Thank you @alexis-jacq But your code got an error. And I updated my post using for.

TypeError: expand_as() takes 2 positional arguments but 6 were given

And I am not sure about torch.rand(30,4,1,1,1). 4 means embedding size? And what are last three 1?

Try using expand instead of expand_as

Still not clear for me…And still an error using expand insted of expand_as which is from gather.
Are there any way to implement Embedding? I would like to use nn.Embedding layer.

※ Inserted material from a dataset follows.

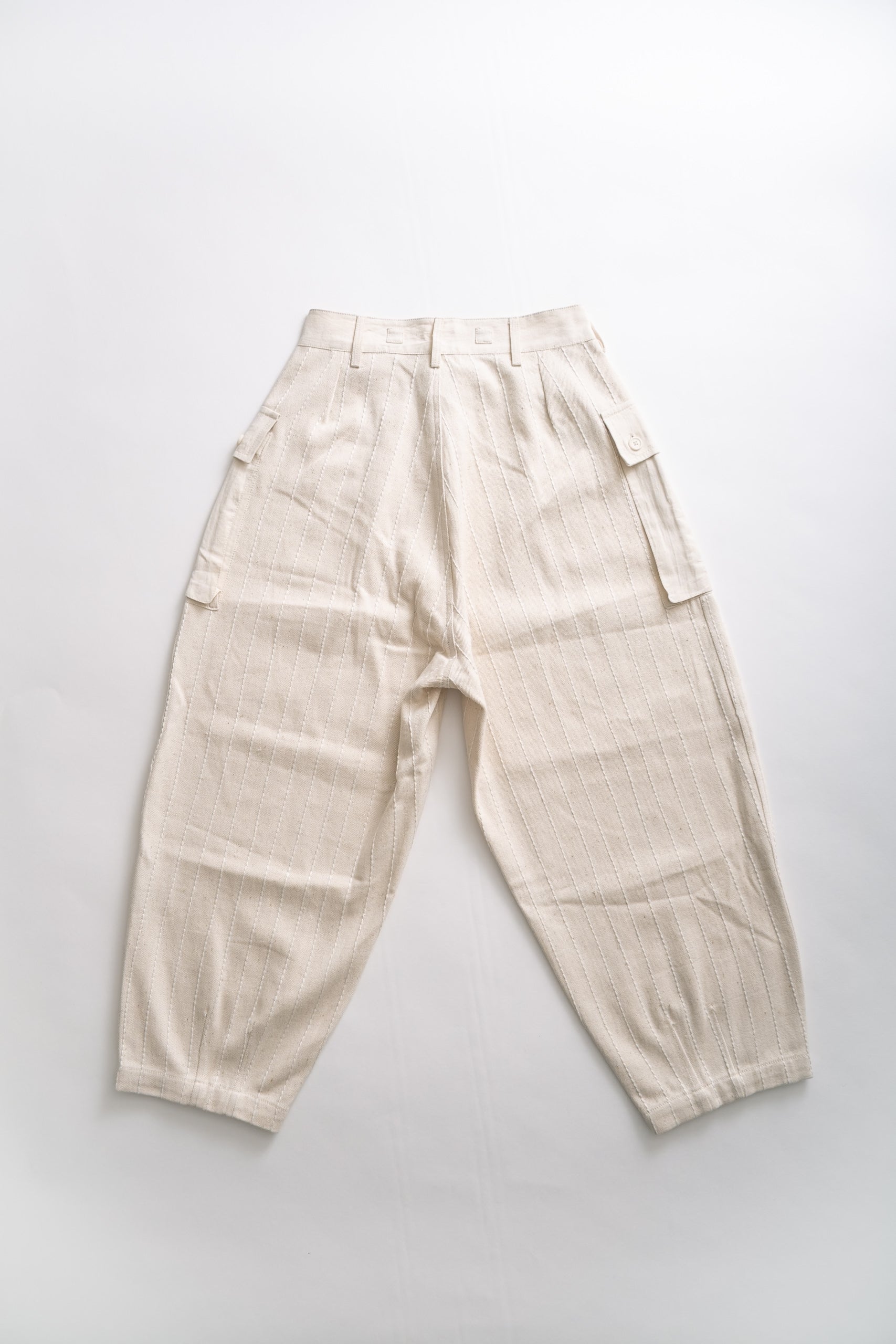 MAGGIE PANTS - NATURAL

---------------------------------------------------------------------------
RuntimeError                              Traceback (most recent call last)
<ipython-input-187-593f47b27cfe> in <module>()
     15 # align w with indices and pick values from w
     16 # and squeeze the fake dimention used for aligment:
---> 17 x_emb = w.expand(30,4,3,7,5).gather(0,idx).squeeze() # (4,3,7,5)
     18 print('x_embd', x_emb.size())

RuntimeError: Expected tensor [1 x 4 x 1 x 7 x 5], src [30 x 4 x 3 x 7 x 5] and index [1 x 4 x 1 x 7 x 5] to have the same size in dimension 0 at /pytorch/torch/lib/TH/generic/THTensorMath.c:445

Ok I written too fast, it’s expand and not expand_as.

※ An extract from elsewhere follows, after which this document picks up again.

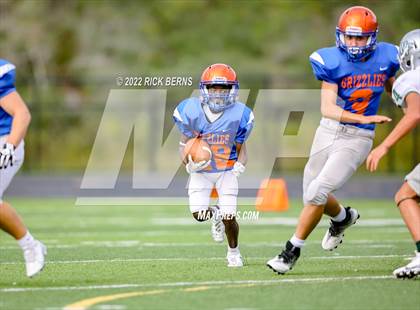 Thumbnail 1 in Grand Oaks vs West Fork  (Freshmen C) photogallery.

I tested this on my machin and it run without any bug:

 x = torch.floor(torch.rand(3,7,5)*30).long()
 w = 1-2*torch.rand(30,4,1,1,1)
 idx = torch.cat([x.unsqueeze(0)]*4,0).unsqueeze(0)
 x_emb = w.expand(30,4,3,7,5).gather(0,idx).squeeze()

With the bug you have, it looks you tried with batch_size = 1, while you did not change the batch value in the gather line

Did you figure out? I’m also curious how to use nn.Embedding for variable length of multiple sentences in a batch?